After wading through a lot of not really interesting output, the actual culprit for the failure can be found almost at the end of the output. The 7th line from the bottom, starting with Script returned string: … shows that the value which is supposed to be assigned to the environment variable DR_DRC_NAME contains a space and is probably not correctly quoted. The shell tries - in this example - to execute the command “1”, which of course cannot be found. So the correct command line should probably look something like this:

DR_FORCE="FALSE" DR_DRC_NAME="HEA 1" /usr/lib/dr/scripts/all/viosdr ...

I opened a PMR with IBM support and was given a modified drslot_chrp_slot binary, which has a temorary fix for this issue. The APAR IV36448 was opened to deal with this issue in future AIX and VIOS versions.

Although the DLPAR operation now works with the modified drslot_chrp_slot binary, the cfglog may still contain errors which look like this:

C4 4325452 15:04:29 drscript_main.c 544 Invoking script (/usr/lib/dr/scripts/all/viosdr) with command (postacquire)
C4 4325452 15:04:29 drscript_main.c 546 invoke_one_DR_script: entry->command:9, timeout:20, script idx:3, resource name: slot
C4 4325452 15:04:29 drscript_main.c 1673 set_env_vars: entry: cmd : postacquire
C4 4325452 15:04:29 drscript_main.c 1719 set_env_vars: exit: DR_FORCE=FALSE DR_DRC_NAME="HEA 1"
C4 4325452 15:04:29 drscript_main.c 577 Environment var list: DR_FORCE=FALSE DR_DRC_NAME="HEA 1"
C4 4325452 15:04:29 drscript_main.c 615 Parent: Waiting on the pipe for any info:out_line:0x20010398, pipeinp: 0xf06324e8
C4 4325452 15:04:29 drscript_main.c 782 Execing:(DR_FORCE=FALSE DR_DRC_NAME="HEA 1"  /usr/lib/dr/scripts/all/viosdr) with cmd:postacquire, resource_name: slot
C4 4325452 15:04:29 drscript_main.c 630 Script returned string: (Execing:(DR_FORCE=FALSE DR_DRC_NAME="HEA 1" /usr/lib/dr/scripts/all/viosdr) with cmd:postacquire, resource_name: slot )
C4 4325452 15:04:29 drscript_main.c 690 out of fgets while loop
C4 4325452 15:04:29 drscript_main.c 697 waiting for status
C4 4325452 15:04:29 drscript_main.c 710 child returned status: 1
C4 4325452 15:04:29 drscript_main.c 711 Script returned status: 1

The problem here is with the /usr/lib/dr/scripts/all/viosdr script. Another PMR with IBM support was opened and according to the developer:

Its (N.B.: viosdr) purpose is to identify virtual adapters that are added to the system with DLPAR and automatically run the correct cfgmgr method to configure them.
LHEA adapters are not currently supported by this method so it should have ignored them and just returned VIOSDR_SUCCESS (zero)“.

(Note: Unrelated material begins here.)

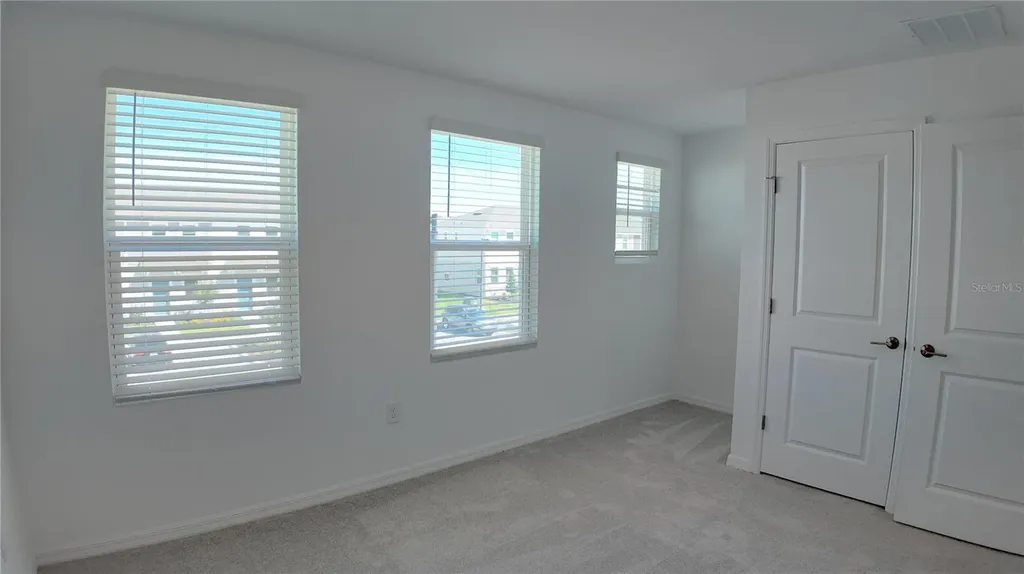 3191 Skyline Loop Kissimmee FL 34758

Unfortunately there is currently no fix available for this issue.


No. 1 @ 2013/04/01 12:54

Nice entry on VIOS upgrade surprises, along with detailed analysis and outlook!

We recently upgraded to FP26 (v2.2.2.1) and found the lsmap command dying:

Command did not complete.                                               

“Determine if backing device is a PV or LV or optical.” was last subcommand run. Determining device type failed.

Seems this is IV36334 - LSMAP THROWS “COMMAND NOT COMPLETE ERROR” MSGS but no fix is available, and FP26-SP1 (v2.2.2.2) has the same problem. We were able to work around this for now by mounting a (dummy) media in the file-backed optical VTD. Or you could delete the virtual DVD device, if not needed for the client LPAR.